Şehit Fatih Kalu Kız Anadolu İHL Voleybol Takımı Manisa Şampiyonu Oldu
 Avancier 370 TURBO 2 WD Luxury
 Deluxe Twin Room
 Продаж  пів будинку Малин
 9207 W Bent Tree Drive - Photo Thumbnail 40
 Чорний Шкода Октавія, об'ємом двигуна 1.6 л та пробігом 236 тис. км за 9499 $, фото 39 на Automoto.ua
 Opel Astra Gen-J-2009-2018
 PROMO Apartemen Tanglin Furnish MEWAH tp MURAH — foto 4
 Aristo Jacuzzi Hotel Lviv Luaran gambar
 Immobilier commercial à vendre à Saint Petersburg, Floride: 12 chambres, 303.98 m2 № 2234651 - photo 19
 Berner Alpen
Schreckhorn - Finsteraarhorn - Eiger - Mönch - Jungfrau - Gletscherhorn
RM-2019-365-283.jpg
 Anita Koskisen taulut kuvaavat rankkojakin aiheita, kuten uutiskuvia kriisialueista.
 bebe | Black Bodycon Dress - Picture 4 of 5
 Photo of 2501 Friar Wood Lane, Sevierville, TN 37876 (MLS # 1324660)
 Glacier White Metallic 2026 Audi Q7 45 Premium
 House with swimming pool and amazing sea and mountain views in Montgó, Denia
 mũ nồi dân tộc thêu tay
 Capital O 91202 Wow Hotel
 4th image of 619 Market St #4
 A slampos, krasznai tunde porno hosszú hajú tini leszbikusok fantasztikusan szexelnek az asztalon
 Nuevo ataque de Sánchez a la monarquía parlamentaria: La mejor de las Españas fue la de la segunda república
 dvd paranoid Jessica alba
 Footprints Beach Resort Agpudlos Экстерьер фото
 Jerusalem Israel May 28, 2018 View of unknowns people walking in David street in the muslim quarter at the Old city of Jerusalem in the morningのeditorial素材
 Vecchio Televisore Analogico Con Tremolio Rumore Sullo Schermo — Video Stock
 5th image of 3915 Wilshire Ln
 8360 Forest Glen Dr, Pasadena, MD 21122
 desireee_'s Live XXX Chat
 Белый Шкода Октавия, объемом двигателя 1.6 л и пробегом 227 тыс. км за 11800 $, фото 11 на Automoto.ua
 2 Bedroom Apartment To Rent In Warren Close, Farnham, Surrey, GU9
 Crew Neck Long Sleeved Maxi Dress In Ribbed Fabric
+ + + + + + +
**WHAT TO WORK ON**
A word-for-word repetition of the listing above is required.

**RESPONSE TO THE TASK**
Şehit Fatih Kalu Kız Anadolu İHL Voleybol Takımı Manisa Şampiyonu Oldu
 Avancier 370 TURBO 2 WD Luxury
 Deluxe Twin Room
 Продаж  пів будинку Малин
 9207 W Bent Tree Drive - Photo Thumbnail 40
 Чорний Шкода Октавія, об'ємом двигуна 1.6 л та пробігом 236 тис. км за 9499 $, фото 39 на Automoto.ua
 Opel Astra Gen-J-2009-2018
 PROMO Apartemen Tanglin Furnish MEWAH tp MURAH — foto 4
 Aristo Jacuzzi Hotel Lviv Luaran gambar
 Immobilier commercial à vendre à Saint Petersburg, Floride: 12 chambres, 303.98 m2 № 2234651 - photo 19
 Berner Alpen
Schreckhorn - Finsteraarhorn - Eiger - Mönch - Jungfrau - Gletscherhorn
RM-2019-365-283.jpg
 Anita Koskisen taulut kuvaavat rankkojakin aiheita, kuten uutiskuvia kriisialueista.
 bebe | Black Bodycon Dress - Picture 4 of 5
 Photo of 2501 Friar Wood Lane, Sevierville, TN 37876 (MLS # 1324660)
 Glacier White Metallic 2026 Audi Q7 45 Premium
 House with swimming pool and amazing sea and mountain views in Montgó, Denia
 mũ nồi dân tộc thêu tay
 Capital O 91202 Wow Hotel
 4th image of 619 Market St #4
 A slampos, krasznai tunde porno hosszú hajú tini leszbikusok fantasztikusan szexelnek az asztalon
 Nuevo ataque de Sánchez a la monarquía parlamentaria: La mejor de las Españas fue la de la segunda república
 dvd paranoid Jessica alba
 Footprints Beach Resort Agpudlos Экстерьер фото
 Jerusalem Israel May 28, 2018 View of unknowns people walking in David street in the muslim quarter at the Old city of Jerusalem in the morningのeditorial素材
 Vecchio Televisore Analogico Con Tremolio Rumore Sullo Schermo — Video Stock
 5th image of 3915 Wilshire Ln
 8360 Forest Glen Dr, Pasadena, MD 21122
 desireee_'s Live XXX Chat
 Белый Шкода Октавия, объемом двигателя 1.6 л и пробегом 227 тыс. км за 11800 $, фото 11 на Automoto.ua
 2 Bedroom Apartment To Rent In Warren Close, Farnham, Surrey, GU9
 Crew Neck Long Sleeved Maxi Dress In Ribbed Fabric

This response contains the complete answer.